The big fish here as far is Miller, the flame-throwing reliever. He debuted in 2023 as a starter but emerged as an elite closer in 2024. He was an All-Star and finished with a 2.49 ERA, 28 saves and 104 strikeouts in 65 innings. This season, he’s got a 3.76 ERA and has converted 20 of his 23 save chances. He’s struck out 59 in 38 ⅓ innings.
Though Miller has excelled in relief, The Athletic reported earlier that the Padres were eyeing him for a starting role, as they have done in the past with relievers. Converting him in the middle of the season seems unlikely, but Miller is under team control through 2029, so the Padres could just leave him at the back end of the bullpen this season and begin converting him back to starter next spring.
If Miller does stick in the bullpen, he would join an All-Star cast. Literally. Closer Robert Suarez along with setup men Jason Adam and Adrián Morejón were All-Stars this season. The Padres lead the majors in bullpen ERA at 2.97.

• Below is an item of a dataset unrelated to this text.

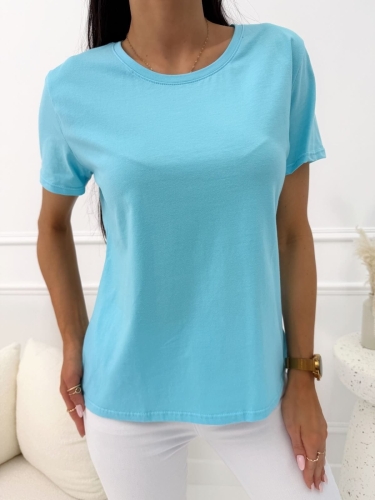 Błękitny Gładki T-shirt  14612-341-B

As for the rotation, perhaps Sears can help if Miller isn’t headed there right away. The 29-year-old starter has a 4.95 ERA, 1.27 WHIP and 97 strikeouts in 111 innings across his 22 starts this season, but getting him away from Sacramento (the Athletics’ temporary home) might do him a lot of good. He’s given up 14 homers with a 5.48 ERA in 10 starts there this season.
As things stand, the Padres’ rotation has Nick Pivetta, Dylan Cease, Yu Darvish, Randy Vásquez and Ryan Bergert. Frontline starter Michael King, one of those relievers-turned-starters, is nearing a return from his shoulder injury. Another complication is that Cease is rumored to be on the trade block. Perhaps he is dealt for offensive help and then Sears takes Cease’s place in the rotation before King returns.

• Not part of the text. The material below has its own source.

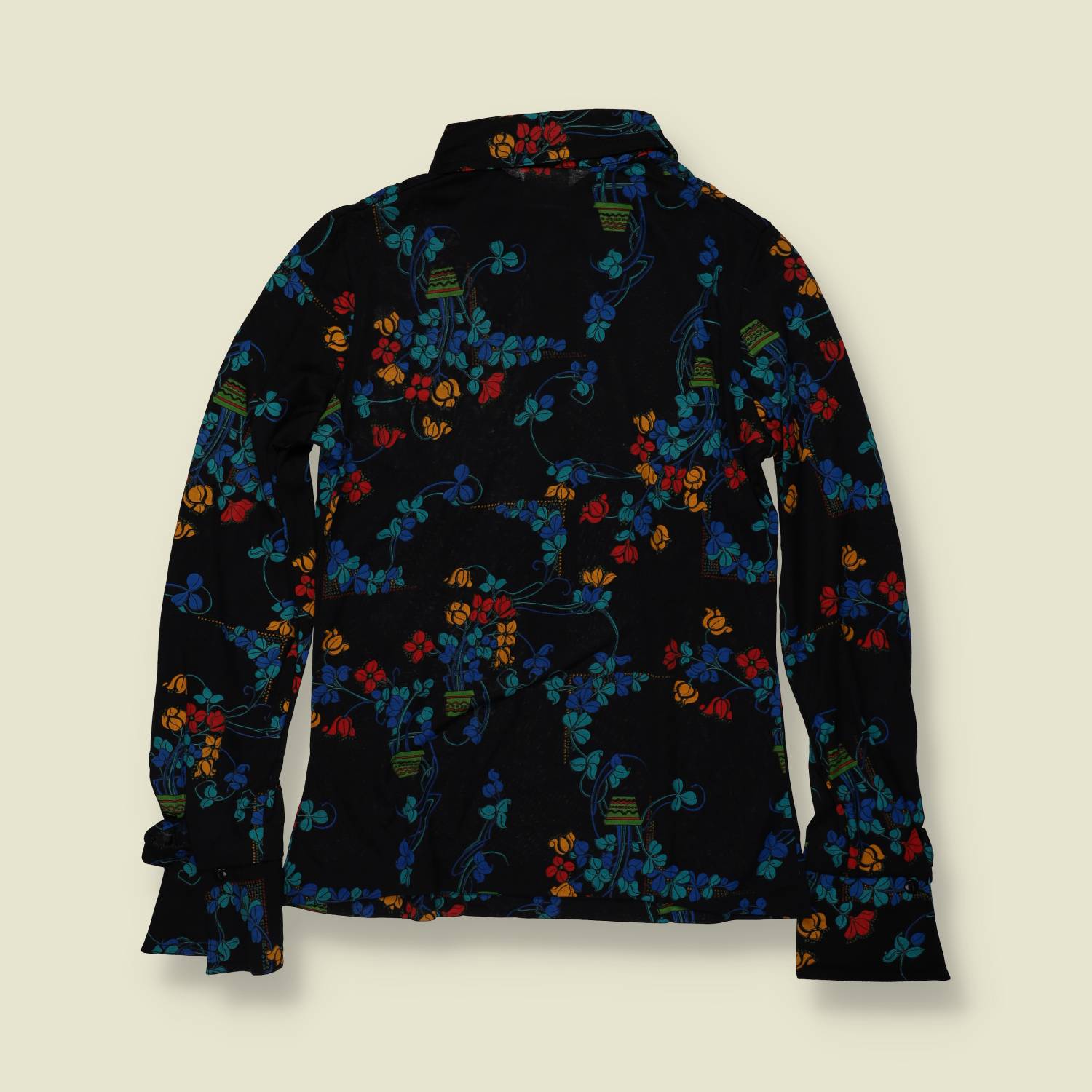 1970s | TGL | Deadstock Blouse | Black Floral - 8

The situation is fluid with the trade deadline a few hours away and mad scientist A.J. Preller at the helm for the Padres.

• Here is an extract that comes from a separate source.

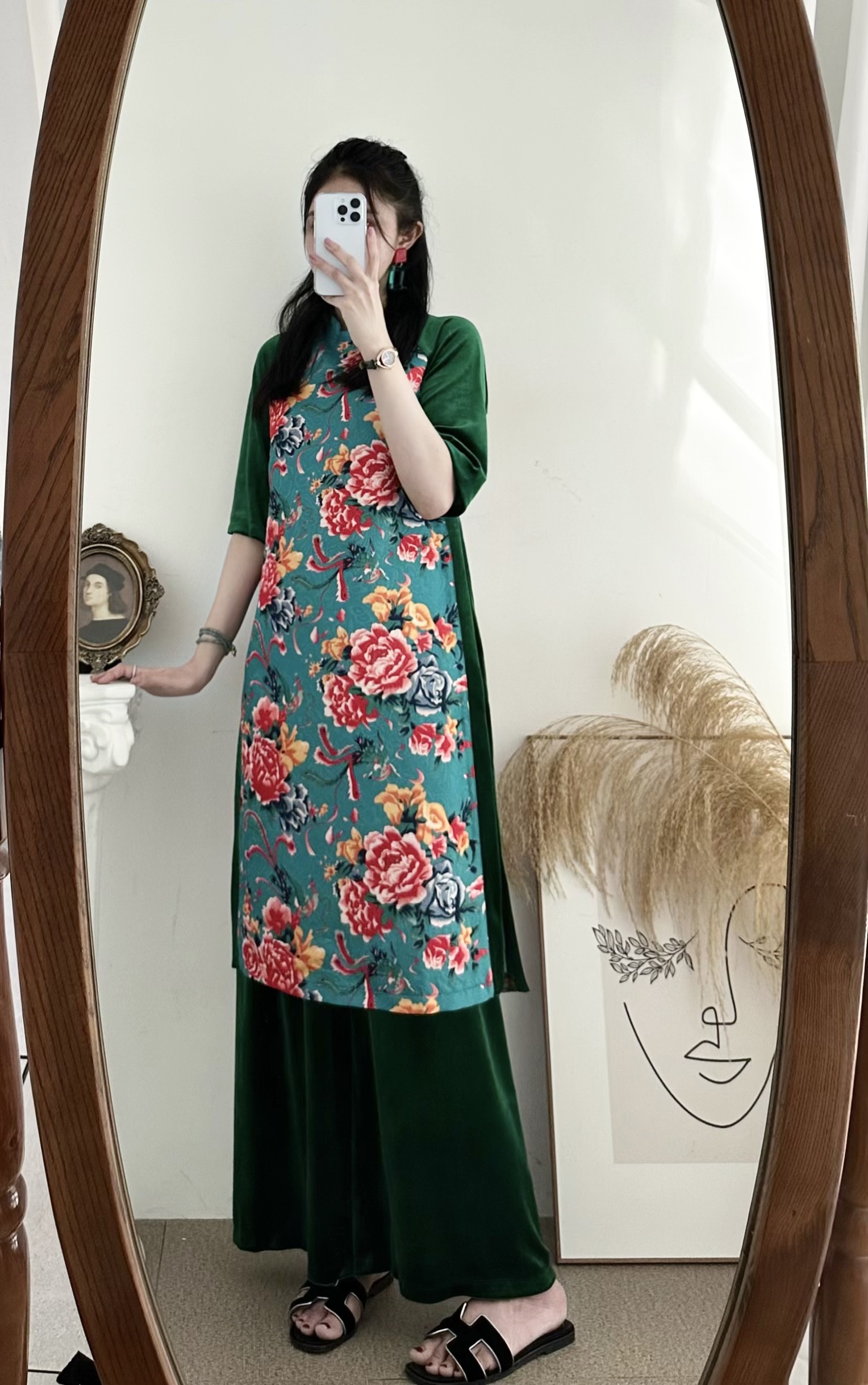 CATI Set Áo Dài Cách Tân Phối Linen (A2270)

On the return for the A’s, Leo De Vries is a huge get. He was ranked as the No. 3 prospect in all of baseball by R.J. Anderson of CBS Sports last month. Anderson said the following:
De Vries is a switch-hitting shortstop with the kind of hand speed that ought to result in more in-game power. For now, you have to be willing to speculate about that component of his game because there hasn’t been much actualization. Almost all of De Vries’ slugging has come from the left side, despite his load featuring a hitch (he bounces his hands up and then brings them back down). I do find it encouraging that De Vries continues to produce at an above-average clip all the same. On any given day, I flip-flop between De Vries and Made. Today just so happens to be a day where I have Made ranked ahead.
In 82 games for High-A Fort Wayne this season, De Vries is hitting .245/.357/.410 with 19 doubles, four triples, eight homers, 46 RBI, 46 runs and eight steals.
The A’s will also receive righties Henry Báez, Braden Nett, and Eduarniel Nuñez in addition to De Vries. Baseball America ranked Nett the seventh-best prospect in San Diego’s farm system in their midseason update. Nuñez ranks 14th and Báez is 16th. It’s a significant prospect haul for a reliever, even one as great as Miller. Nuñez, 26, made his MLB debut earlier this season. Báez and Nett have both spent the season in Double-A and could debut in the big leagues reasonably soon.